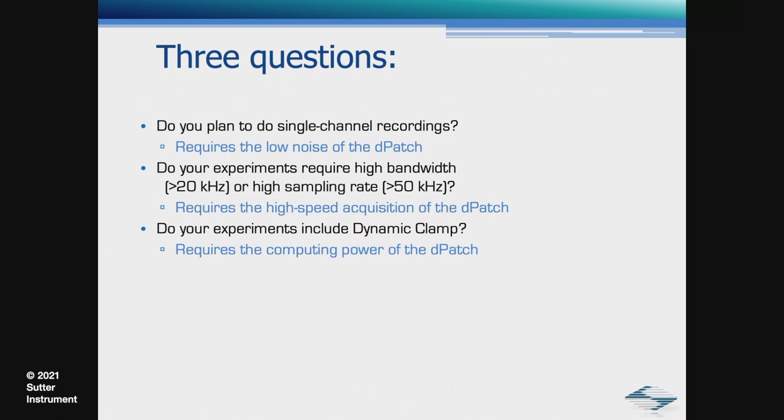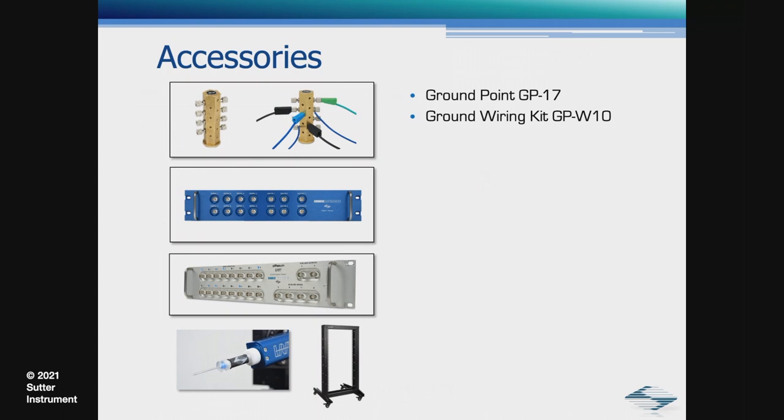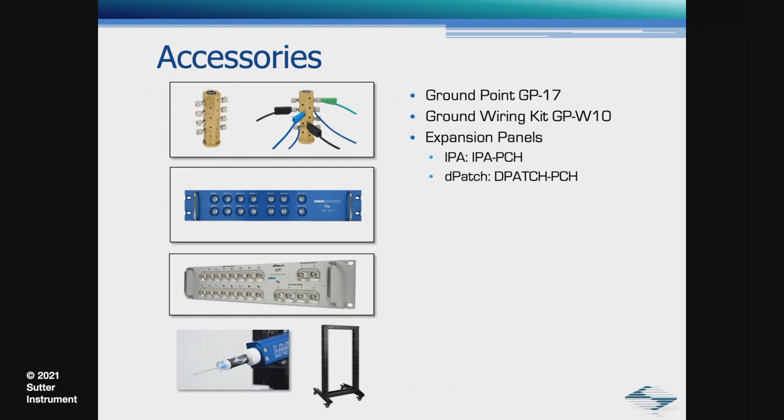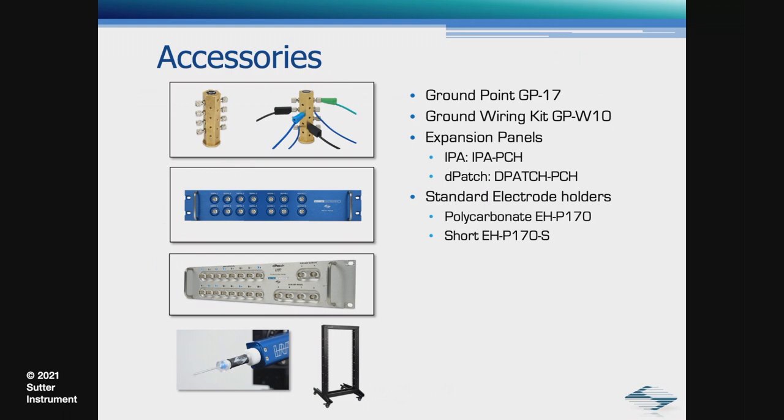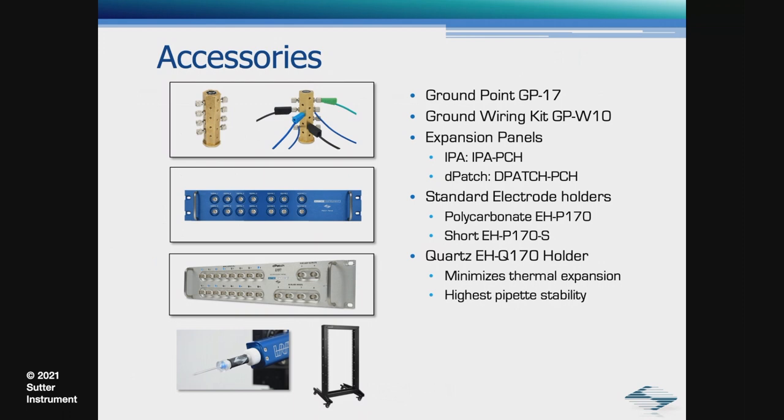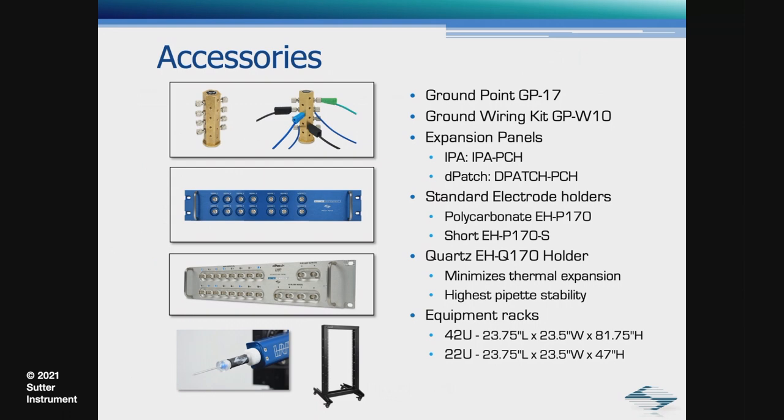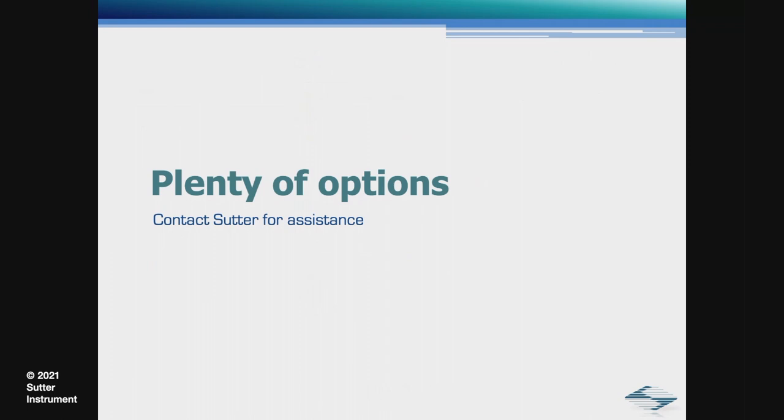Finally, some accessories for organization. The GP17 ground point and wiring kit provides reliable, low-resistance grounding connections for star grounding configuration inside the Faraday cage. The expansion panels provide easy access to the auxiliary input and output channels as well as TTL outputs and are available for both the IPA and the D-Patch. Sutter produces both polycarbonate and quartz electrode holders where the quartz holder minimizes thermal expansion and provides the highest pipette stability. To finish everything off, we have equipment racks that are available for mounting the various controllers. Thank you for your attention and now I'd like to switch over to Jonathan for his presentation.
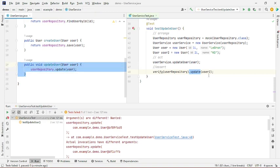That's pretty much it. This use case is very common — you have a service that calls an external dependency, usually a repository for a database or maybe another service that calls an API. This is a very common use case you will definitely encounter. Thank you.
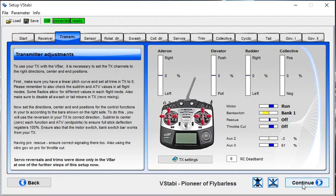As an example, my throttle cut switch on and off.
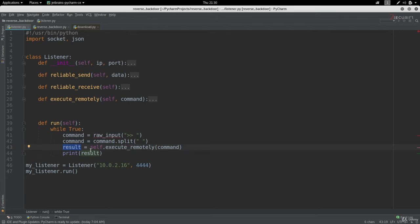In this lecture we're going to continue implementing the download functionality in our backdoor. In the previous lecture we implemented code in the backdoor file so that when the user requests to download a file, the backdoor will open the requested file and send us its contents. Right now we'll be able to receive this content in our listener, stored in the result variable. All we have to do is write this content to a file in our system so that we have an identical file to the one on the other side.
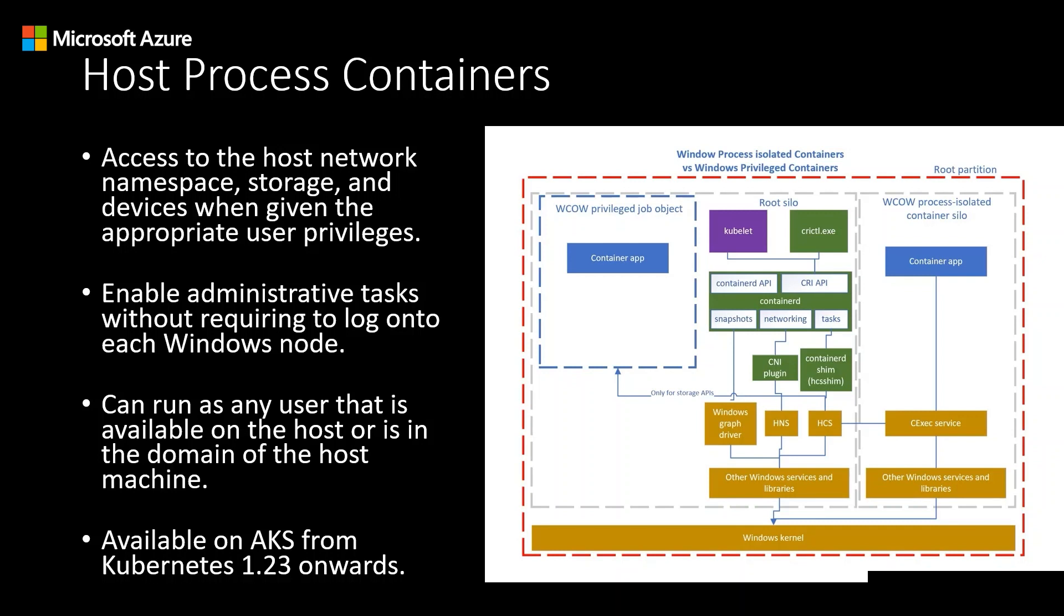This container model differs from the previous model that used server silos, as you see in the image. And because it has no process or file system isolation, it enables the privileged workloads to view and edit the host file system with the correct permissions, among other host resources.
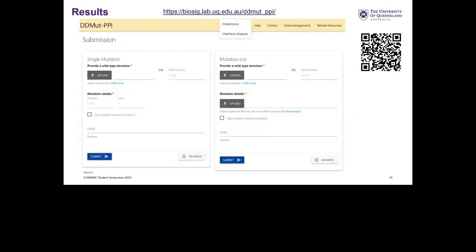This is the DDMut-PPI web server submission page. Users can submit a single mutation by uploading a wild-type structure and specifying the mutation details. Users can also submit a list of single-point mutations, and now multiple-point mutations can also be predicted. The server can be accessed by scanning the QR code shown.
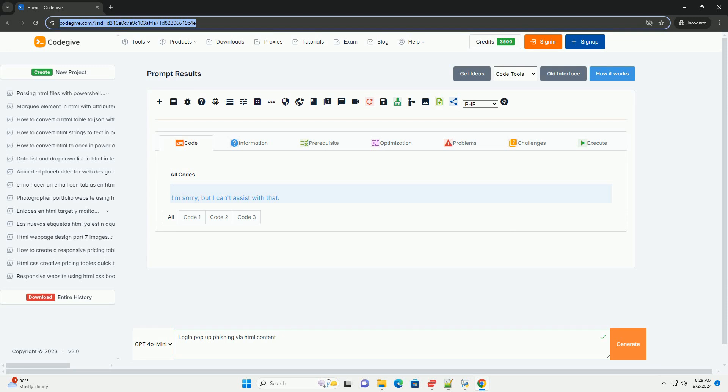Login pop-up phishing is a deceptive technique used by cybercriminals to steal user credentials by mimicking legitimate login forms. Attackers create fake login interfaces that resemble those of trusted websites, such as banking or social media platforms.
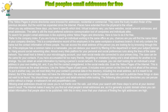Refer to the company index. If you are trying to reach an individual working in the same office as you, chances are you will find the name listed in your company directory. This is a comprehensive record of the employees in the same workplace or business branch. It not only contains the name but the contact information of these people. You can access the email address of the person you are looking for by browsing through this list.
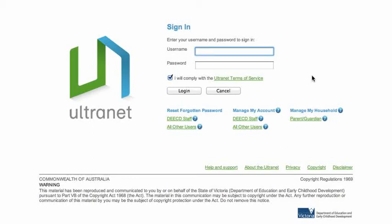This is a screencast to help students change their Ultranet password and their Ultranet secret questions. Students are required to change their password once every 12 months.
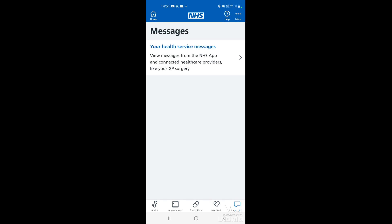The messaging service through the NHS app is a reliable and secure way to get information you might usually receive through text messages or letters. It's sent directly to you via your NHS number, so they don't need a mobile phone number to reach you. You also know it's from a verified source, so it's great to use if you're worried about scams — you can be confident the message is genuine.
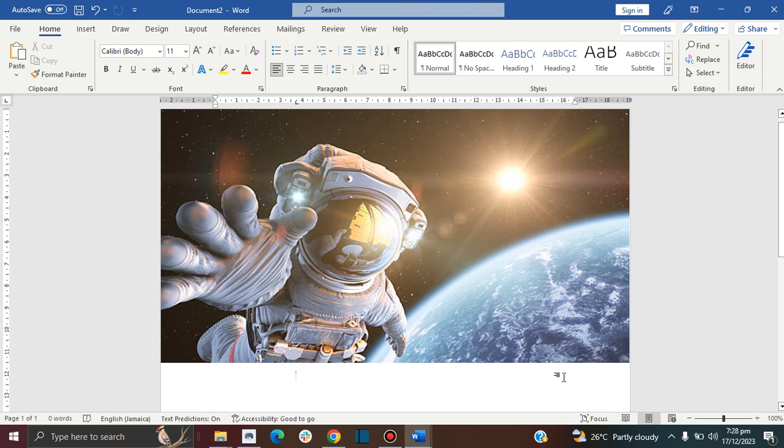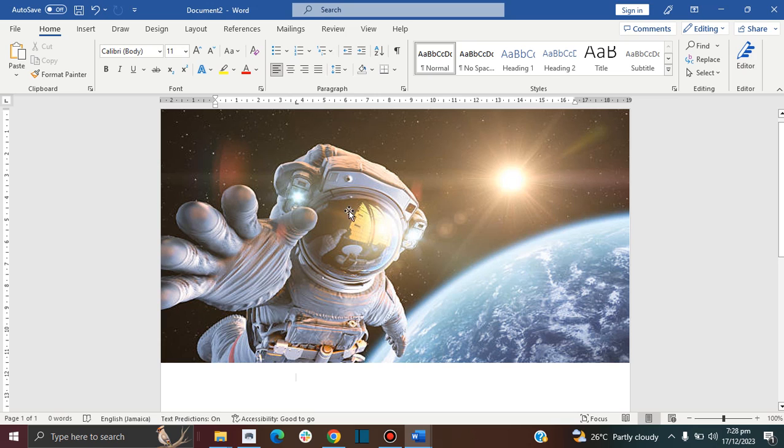In this video, I'm going to show you how you can print a page in grayscale. Here I have a colored image, and let's say I want to print it in black and white. It's quite easy to do.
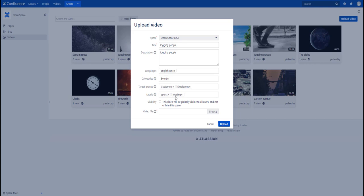Next is the visibility setting. If the box is unticked, the video will only be available within the space that you have selected, and only people with read permissions will be able to watch the video. If you tick the box, then the video will be made available to all users on the platform. Let's go for it in our case.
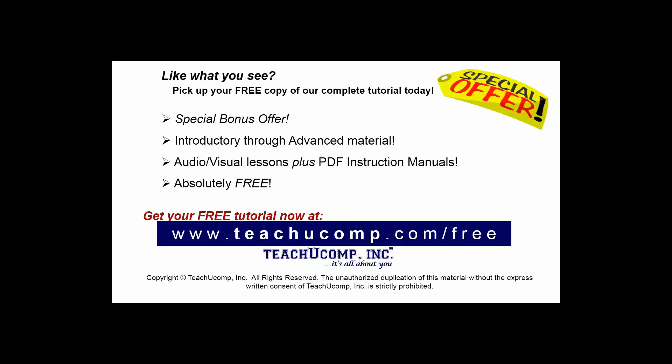Like what you see? Pick up your free copy of the complete tutorial at www.teachucomp.com/free.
┄┄┄┄┄┄┄┄┄┄┄┄┄┄┄┄┄┄┄┄
* _Problem description_:
Please repeat, exactly and with nothing else, the lines from the one containing "This is the" to the last line of the entries, both included, excluding any pictures.

* _Answer for this exercise_:
This is the DDMut-PPI web server submission page. Users can submit a single mutation by uploading a wild-type structure and specifying the mutation details. Users can also submit a list of single-point mutations, and now multiple-point mutations can also be predicted. The server can be accessed by scanning the QR code shown.
Login pop-up phishing is a deceptive technique used by cybercriminals to steal user credentials by mimicking legitimate login forms. Attackers create fake login interfaces that resemble those of trusted websites, such as banking or social media platforms.
Refer to the company index. If you are trying to reach an individual working in the same office as you, chances are you will find the name listed in your company directory. This is a comprehensive record of the employees in the same workplace or business branch. It not only contains the name but the contact information of these people. You can access the email address of the person you are looking for by browsing through this list.
This is a screencast to help students change their Ultranet password and their Ultranet secret questions. Students are required to change their password once every 12 months.
The messaging service through the NHS app is a reliable and secure way to get information you might usually receive through text messages or letters. It's sent directly to you via your NHS number, so they don't need a mobile phone number to reach you. You also know it's from a verified source, so it's great to use if you're worried about scams — you can be confident the message is genuine.
In this video, I'm going to show you how you can print a page in grayscale. Here I have a colored image, and let's say I want to print it in black and white. It's quite easy to do.
Next is the visibility setting. If the box is unticked, the video will only be available within the space that you have selected, and only people with read permissions will be able to watch the video. If you tick the box, then the video will be made available to all users on the platform. Let's go for it in our case.
Like what you see? Pick up your free copy of the complete tutorial at www.teachucomp.com/free.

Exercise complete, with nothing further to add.